- _Your goal_
Print each line exactly, from the one with "Kate Spade Kate" to the very last line of the listing, and keep the pictures out.

- _Data to process_
****

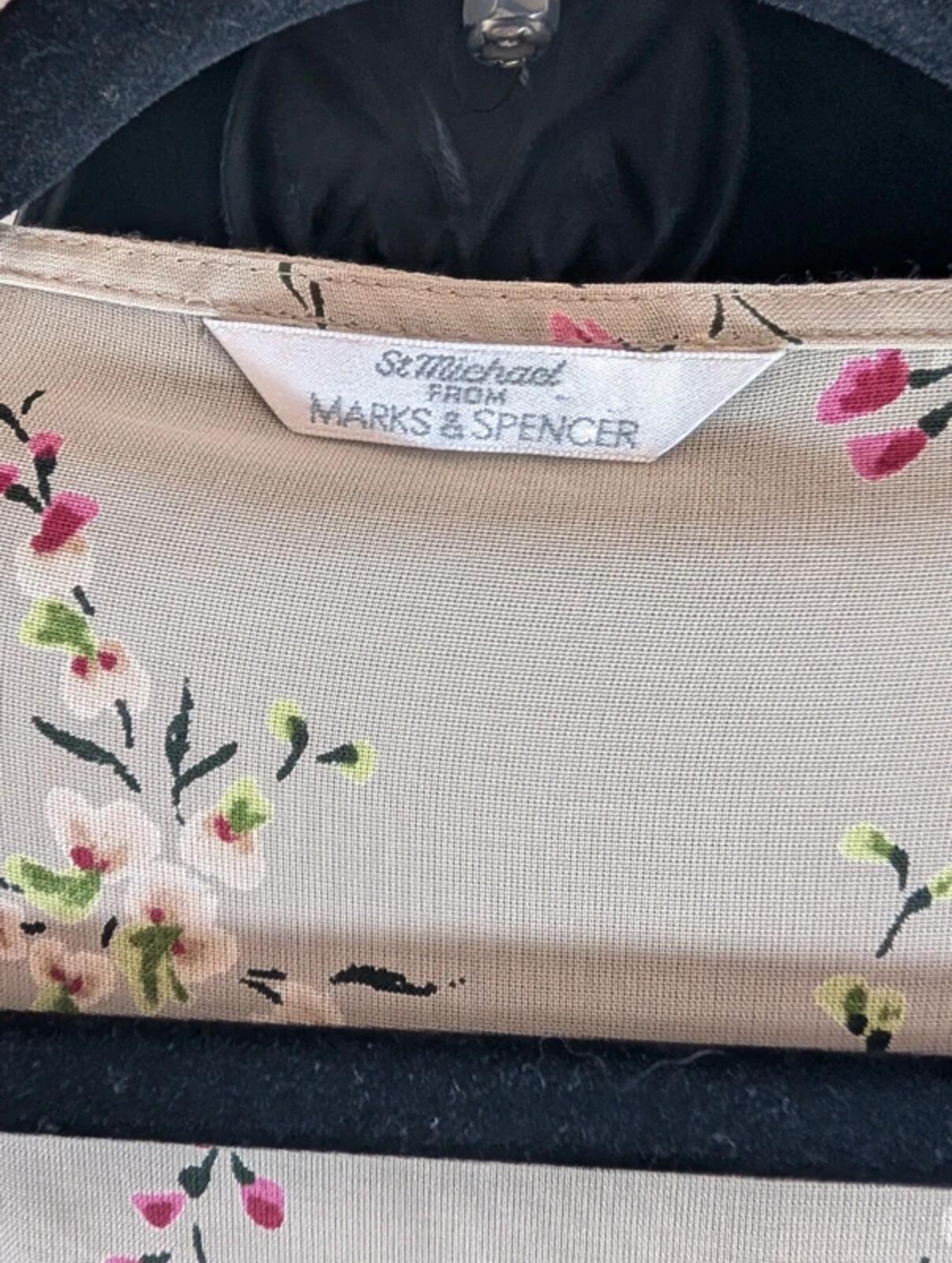 Vintage St Michael M&S Floral Blouse UK18–20 Viscose Frill Sleeve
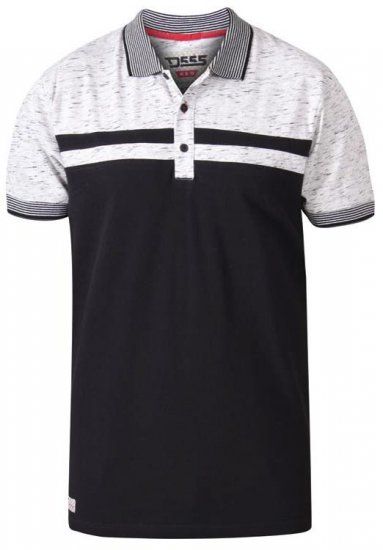 D555 Spider Cut And Sew Jersey Polo Black - Polos - Polos homme grande taille
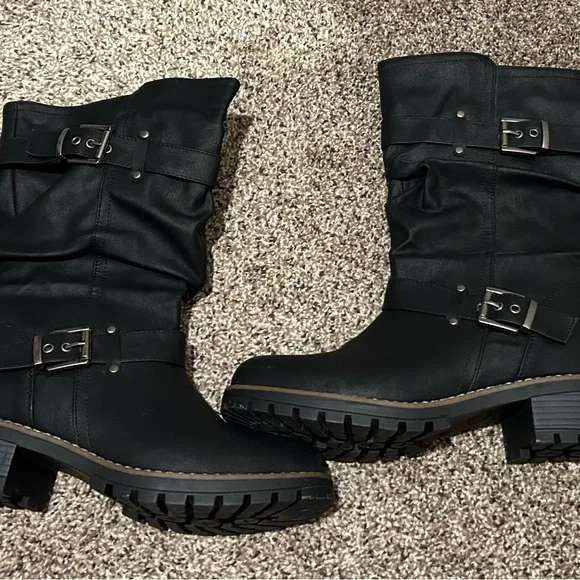 Global Win Black Moto Wide Calf Boots with Buckle Accents - Picture 6 of 9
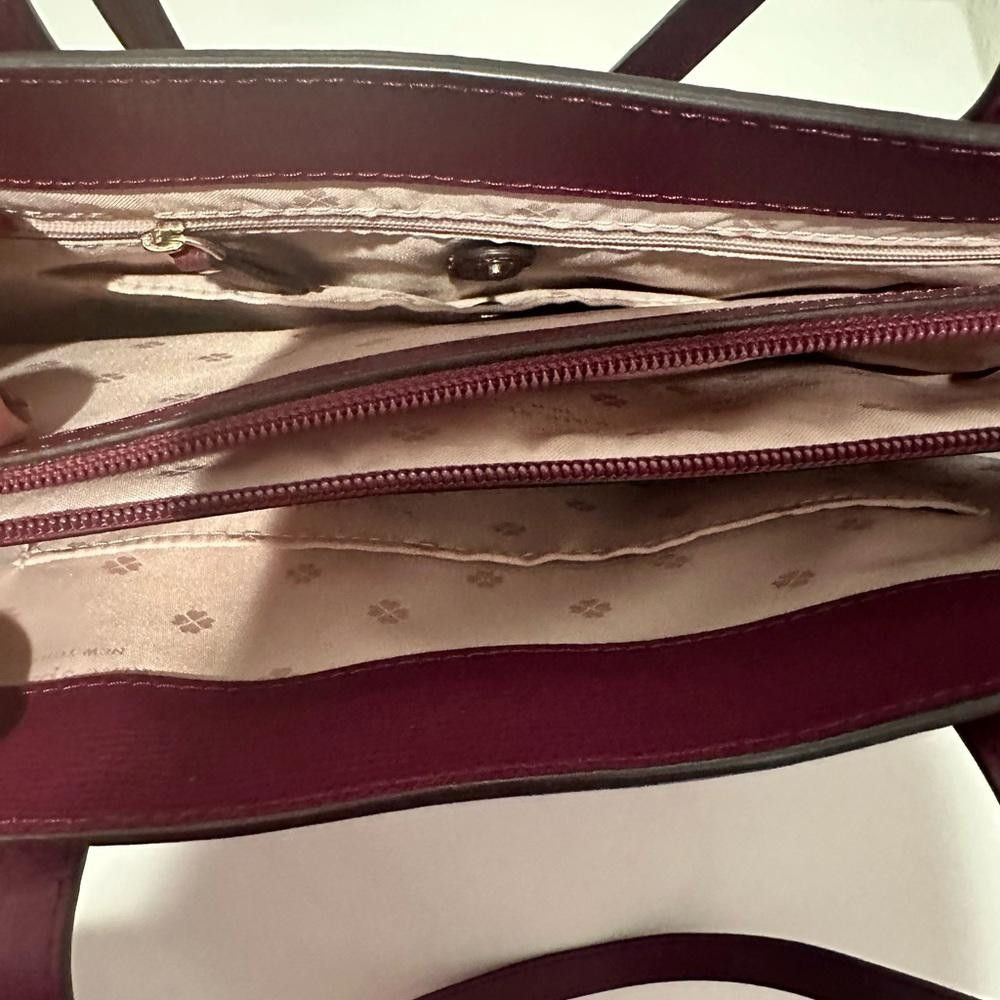 Kate Spade Kate Spade Molly Large Work Leather Tote Handbag Sangria Size ONE SIZE - 8 Thumbnail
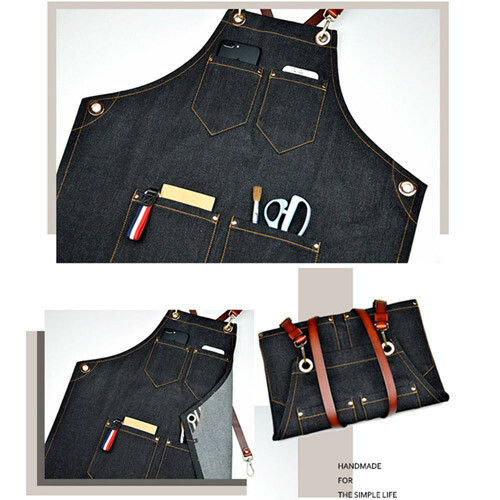 1PC Denim Bib Apron Leather Strap Barista Baker Bartender BBQ Chef Work Uniform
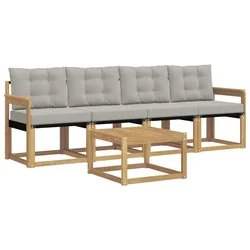 Set vanjskih sofa s jastukom 5 pcs Bijela i svjetlosiva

****

- _Answer below_
 Kate Spade Kate Spade Molly Large Work Leather Tote Handbag Sangria Size ONE SIZE - 8 Thumbnail
 1PC Denim Bib Apron Leather Strap Barista Baker Bartender BBQ Chef Work Uniform
 Set vanjskih sofa s jastukom 5 pcs Bijela i svjetlosiva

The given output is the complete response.